New Swimwear Line!
I can’t believe I am sharing this post. I would have never thought after two babies, I would get back into a bikini. No, my body is not perfect. Yes, it needs work and I am aware of that. One thing is for sure, I will not shame myself over being a mom and wearing a bikini.
First of all, when I was on the hunt for a swimsuit, I was looking for the infamous one piece. You know, that one piece that would hide all your flaws, (for the most part) cover up you love handles and muffin top. After not having any luck, I walk into my local Target store I saw the swimwear display. It read, now carrying sizes “D and DD” Say what?! A bikini top that would actually keep the “girls” in? Let me make my way to the fitting room. I could not have been more excited.
For the first time in a long time, I felt that I too, can wear a bikini and feel comfortable, now some will say that being a mom, I shouldn’t wear anything so “revealing”. But, if I wore bikinis before my 2 children, what’s wrong with wearing one now.
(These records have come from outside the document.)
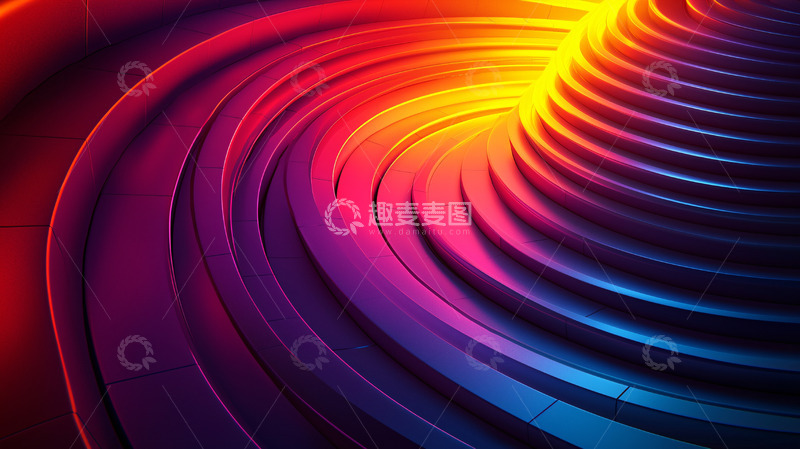 高清大图下载【趣麦麦图】多彩螺旋抽象背景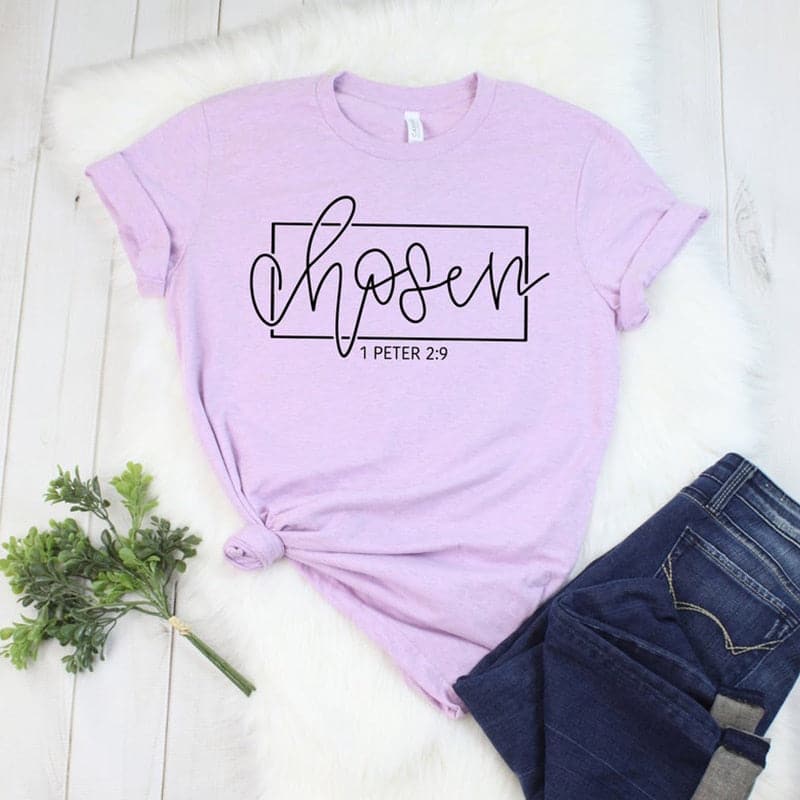 CHOSEN 1 Peter 2:9 Women's Faith-Based Premium Burgundy Red T-Shirt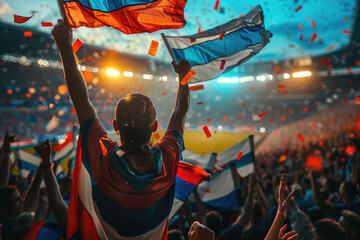 Fans cheering enthusiastically, waving flags at a sports event - obrazy, fototapety, plakaty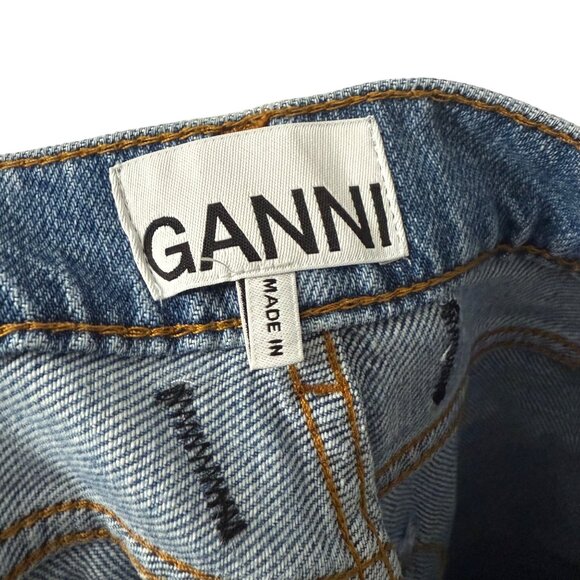 Ganni Camfield Medium Denim Wide Leg Jeans Womens Size 25 - Picture 7 of 7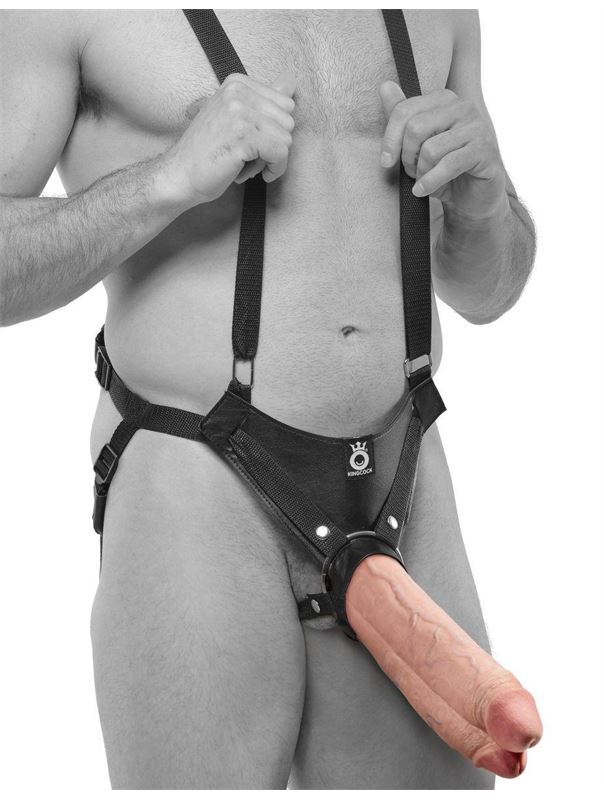 Страпон-система с телесной насадкой 11" Two Cocks One Hole Hollow Strap-On Suspender System (30,5 см)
I have been to the beach or pool plenty of times with shorts and a t-shirt, all while other moms whose bodies were like mine walked around with so much confidence. I have always said, DAMN, why can’t I have the confidence they do. What makes me shame of my body? Because there is nothing wrong with my body.
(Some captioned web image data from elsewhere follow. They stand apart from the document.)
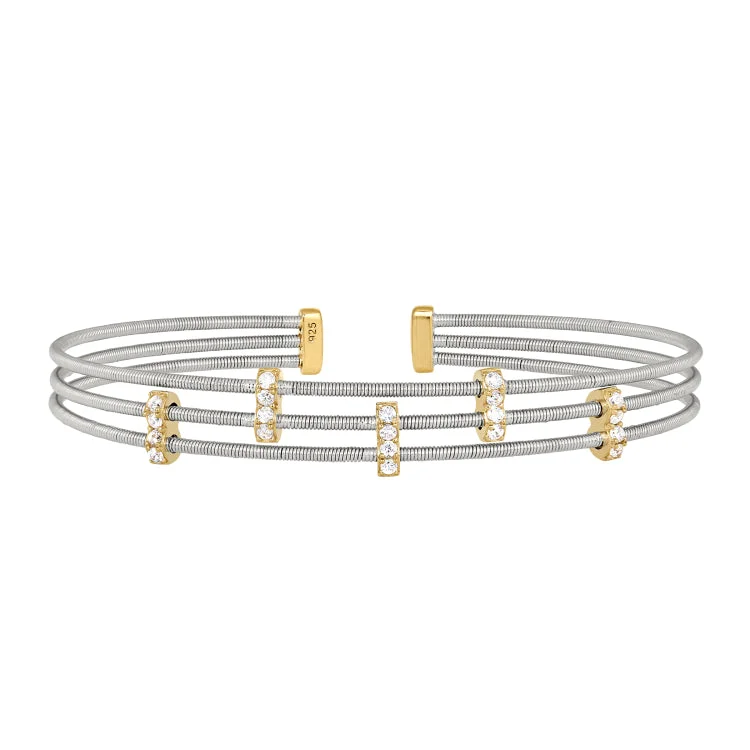 Ladies Bracelets for Bestie Spark-Rhodium Finish Sterling Silver Three Cable Cuff Bracelet with Gold Finish Simulated Diamond Five Small Vertical Bars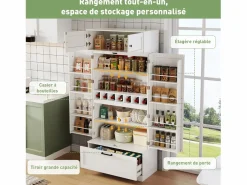Aparador de cocina con 4 puertas y 1 cajón, aparador alto con tirador de metal retro,^ Hot
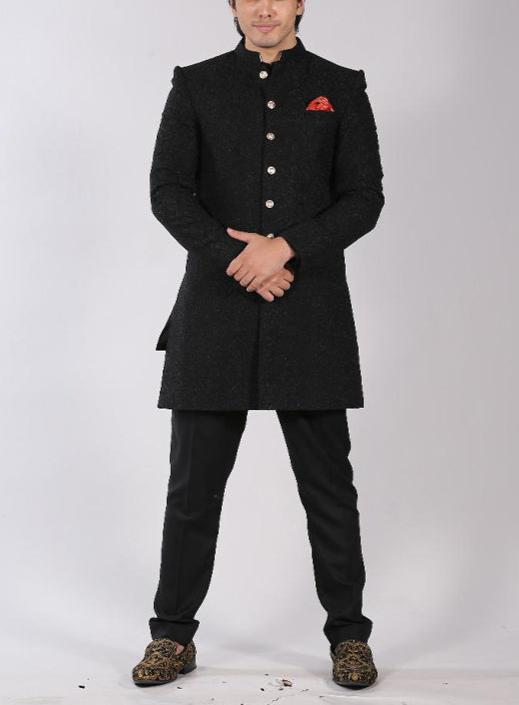RSH 46 Black Groom Sherwani For Groom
What is wrong, is what society thinks a body that has birthed 2 children, had 2 C-Sections, should be toned and perfect.Honestly, I can make the time to workout every day, make my body perfect for those who will never really see it, or I can be comfortable and confident in my own skin, no matter how saggy, flabby, or dimpled it may be.
I speak for myself when I say, I will not be a statistic of society, but more importantly, I will not fall into the trap of what society “thinks” my body should look like. Instead, I’m going to strut my butt to the pool or beach and make memories with my kids. Yes, in this bikini or in one of the other 2 that I purchased. lol!
So, thank you Target for understanding, understanding that some of us women have “girls” that are larger than average, and we need swimwear that is going to support them. Lastly, I feel like now more than ever I have the confidence to wear bikinis again.